• [WHAT YOU WILL DO]: While copying the entries exactly, leave out each picture they contain.

• [DATA SUPPLIED]:
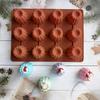 12/15 Holes Silicone Mold Muffin Cupcake Baking Tray Bordelais Fluted Cake Pudding Mold Diy Baking Kitchen Accessories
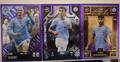 Match Attax Champions League 2024-25 Extra purple  3x Manchester City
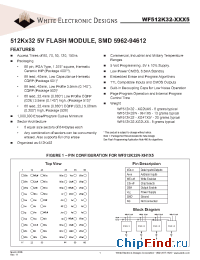 Datasheet WF512K32N-60H1Q5 manufacturer WEDC
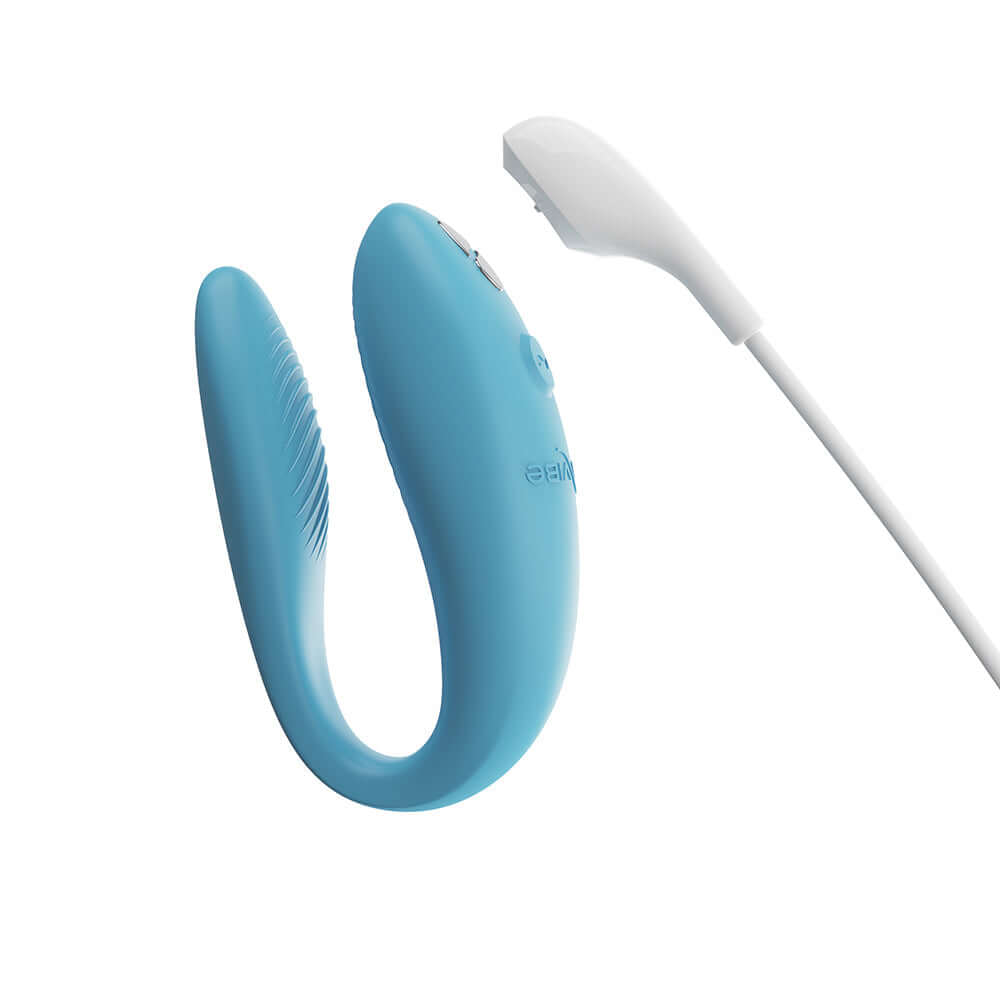 We-Vibe Sync Go App Control Rechargeable Silicone Couples Vibrator - Turquoise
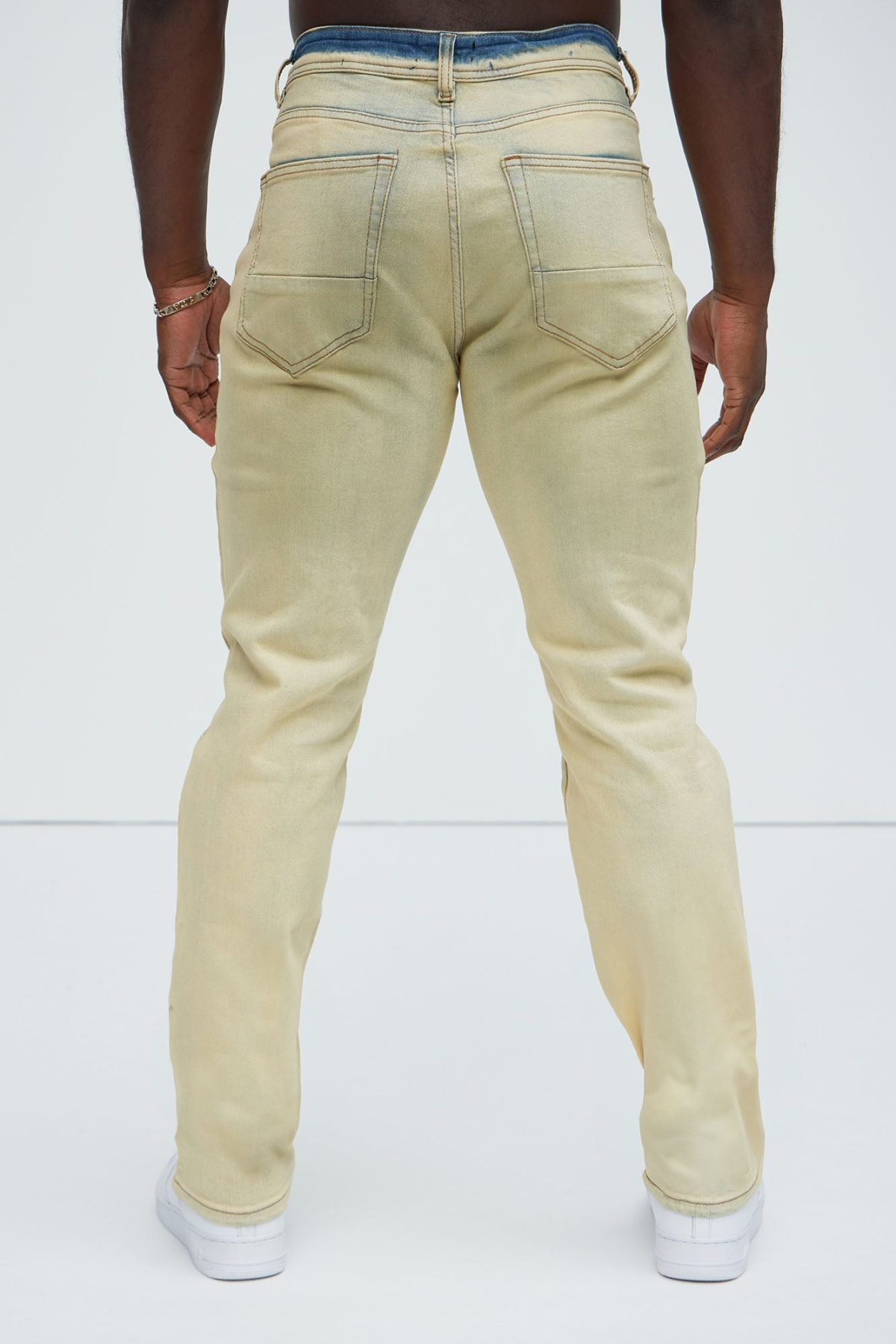 Got To Stay Up Slim Jeans - Light Wash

• [WRITTEN SOLUTION]:
 12/15 Holes Silicone Mold Muffin Cupcake Baking Tray Bordelais Fluted Cake Pudding Mold Diy Baking Kitchen Accessories
 Match Attax Champions League 2024-25 Extra purple  3x Manchester City
 Datasheet WF512K32N-60H1Q5 manufacturer WEDC
 We-Vibe Sync Go App Control Rechargeable Silicone Couples Vibrator - Turquoise
 Got To Stay Up Slim Jeans - Light Wash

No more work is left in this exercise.